Core Scientific, yang dulunya merupakan penambang Bitcoin terbesar di AS, berencana melakukan penjualan all-stock senilai $9 miliar kepada CoreWeave saat beralih ke infrastruktur AI. Namun tidak semua pemegang saham setuju. Two Seas Capital, pemegang saham aktif terbesar perusahaan, telah mengumumkan niatnya untuk memberikan suara menentang merger yang diusulkan.
Two Seas Capital, yang memiliki 6,3% saham ekuitas di Core Scientific, menyatakan akan menentang kesepakatan Dewan Direksi saat ini dengan CoreWeave. Perusahaan investasi tersebut percaya bahwa valuasi $9 miliar terlalu rendah untuk posisi Core Scientific dalam ruang komputasi kinerja tinggi.
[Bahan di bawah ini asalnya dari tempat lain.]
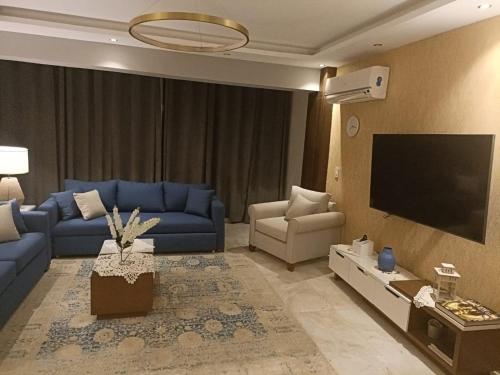 a living room with blue couches and a flat screen tv at حان الوقت الأن للاستمتاع بالهدوءبشقةفندقية متميزة بأطلالة على نيل الزمالك in Cairo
Lebih lanjut, Two Seas berpendapat bahwa struktur all-equity dari kesepakatan tersebut membuat pemegang saham terpapar pada volatilitas saham CoreWeave tanpa menawarkan perlindungan terhadap risiko penurunan. Perusahaan juga menyebutkan penurunan langsung sebesar 30% pada harga saham Core Scientific setelah kesepakatan diumumkan sebagai bukti bahwa pasar berbagi kekhawatiran mereka.
Two Seas Capital telah memposisikan diri sebagai investor yang berkomitmen dan pendukung Core Scientific sejak 2022. Perusahaan tersebut adalah investor aktif dan juga telah meningkatkan kepemilikan sahamnya sejak saat itu.
Selain itu, perusahaan investasi tersebut menyatakan bahwa mereka tidak menentang merger dengan CoreWeave secara umum. Bahkan, perusahaan tersebut juga memiliki saham CoreWeave. Mereka hanya menentang merger pada valuasi saat ini.
Awalnya diluncurkan sebagai perusahaan penambangan Bitcoin, Core Scientific memanfaatkan pasar bull kripto dan go public pada Januari 2022 dengan valuasi $4,3 miliar. Namun, penurunan pasar berikutnya menyebabkan kebangkrutan dan pergeseran strategis menuju infrastruktur komputasi AI.